Still, a respectful and absorbing page-turner.

Hannah’s new novel is an homage to the extraordinary courage and endurance of Frenchwomen during World War II.

In 1995, an elderly unnamed widow is moving into an Oregon nursing home on the urging of her controlling son, Julien, a surgeon. This trajectory is interrupted when she receives an invitation to return to France to attend a ceremony honoring passeurs: people who aided the escape of others during the war. Cut to spring, 1940: Viann has said goodbye to husband Antoine, who's off to hold the Maginot line against invading Germans. She returns to tending her small farm, Le Jardin, in the Loire Valley, teaching at the local school and coping with daughter Sophie’s adolescent rebellion. Soon, that world is upended: The Germans march into Paris and refugees flee south, overrunning Viann’s land.
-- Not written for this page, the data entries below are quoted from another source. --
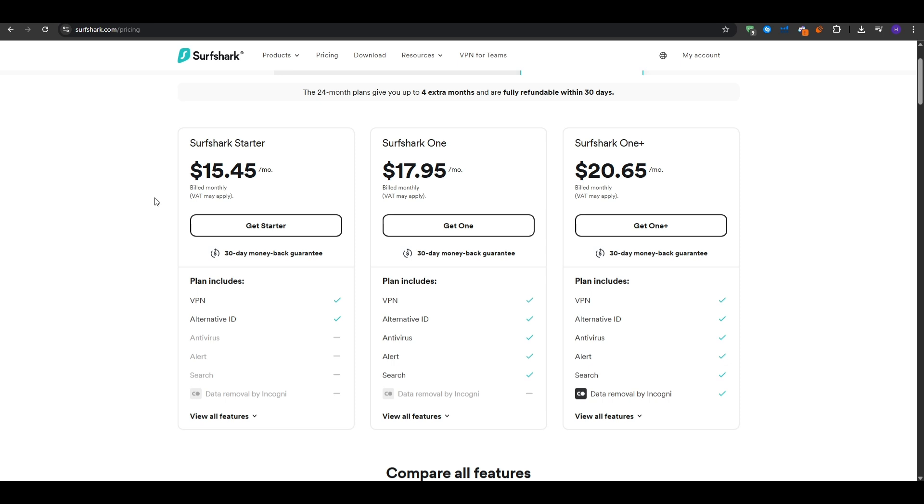But the great thing is that all of these plans would go down drastically if you opt in for the 12-month plan or the 24-month plans. For example, the starter plan would go down from $15 per month all the way down to $3.19 per month paid annually and you would also get three extra months. The second plan, Surfshark One, would include the antivirus, the alerts, and the search feature. And finally, the Surfshark One Plus would give you all of these plus the data removal with Incogni.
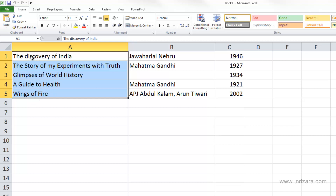A1 is the active cell, as indicated by the color here versus the colors in the other selected cells. A1 is also shown in the formula bar, and the content of A1 is visible there.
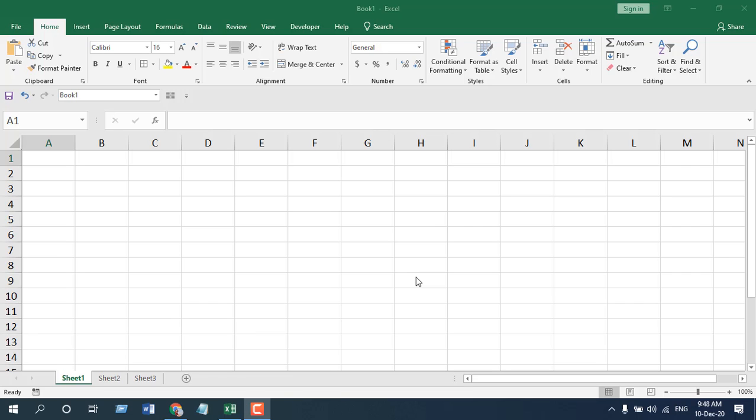12 ways to select cells in Excel. Hello everyone, welcome to Excel 10 tutorial. In this tips and tricks video series, I am going to show you 12 excellent ways to select cells in Microsoft Excel. Let's get started.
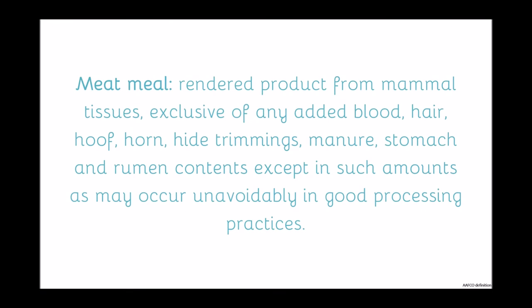AFCO defines meat meal as rendered product from mammal tissues, exclusive of any added blood, hair, hoof, horn, hide trimmings, manure, stomach, and rumen contents, except in such amounts as may occur unavoidably in good processing practices. Rendering is a type of complex cooking process with many steps in which animal tissues are heated to extreme temperatures and then separated out into nutrients. So fat, protein, minerals, and moisture are the main nutrients that the rendered product is separated out into.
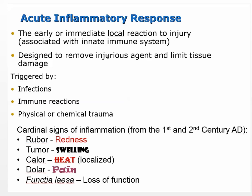If the blood senses that there's collagen — if there's mixing of collagen or any of these other extracellular fibers with the blood — you automatically know there's been damage, because these should not be interacting with the blood. When collagen is exposed, that's a trigger for an inflammatory response. The acute inflammatory response is the early or immediate local reaction to injury, associated with the innate immune system as opposed to the adaptive or acquired immune system. The innate immune system is nonspecific — the neutrophils, basophils, and macrophages are all innate immune system white blood cells — and they're designed to remove injurious agents and limit tissue damage.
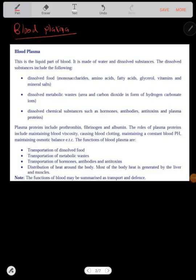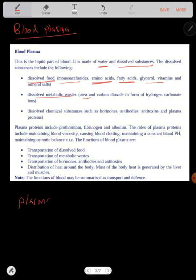Now let's look at blood plasma, which is the liquid part of blood. Blood plasma is made up of water and dissolved substances. These substances include food such as monosaccharides, amino acids, fatty acids, and glycerol, as well as vitamins. It also contains dissolved metabolic wastes such as urea and carbon dioxide, and chemical substances such as hormones, antibodies, and toxins.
Her long-estranged younger sister, Isabelle, who has been kicked out of multiple convent schools, is sent to Le Jardin by Julien, their father in Paris, a drunken, decidedly unpaternal Great War veteran. As the depredations increase in the occupied zone—food rationing, systematic looting, and the billeting of a German officer, Capt. Beck, at Le Jardin—Isabelle’s outspokenness is a liability. She joins the Resistance, volunteering for dangerous duty: shepherding downed Allied airmen across the Pyrenees to Spain. Code-named the Nightingale, Isabelle will rescue many before she's captured. Meanwhile, Viann’s journey from passive to active resistance is less dramatic but no less wrenching. Hannah vividly demonstrates how the Nazis, through starvation, intimidation and barbarity both casual and calculated, demoralized the French, engineering a community collapse that enabled the deportations and deaths of more than 70,000 Jews. Hannah’s proven storytelling skills are ideally suited to depicting such cataclysmic events, but her tendency to sentimentalize undermines the gravitas of this tale.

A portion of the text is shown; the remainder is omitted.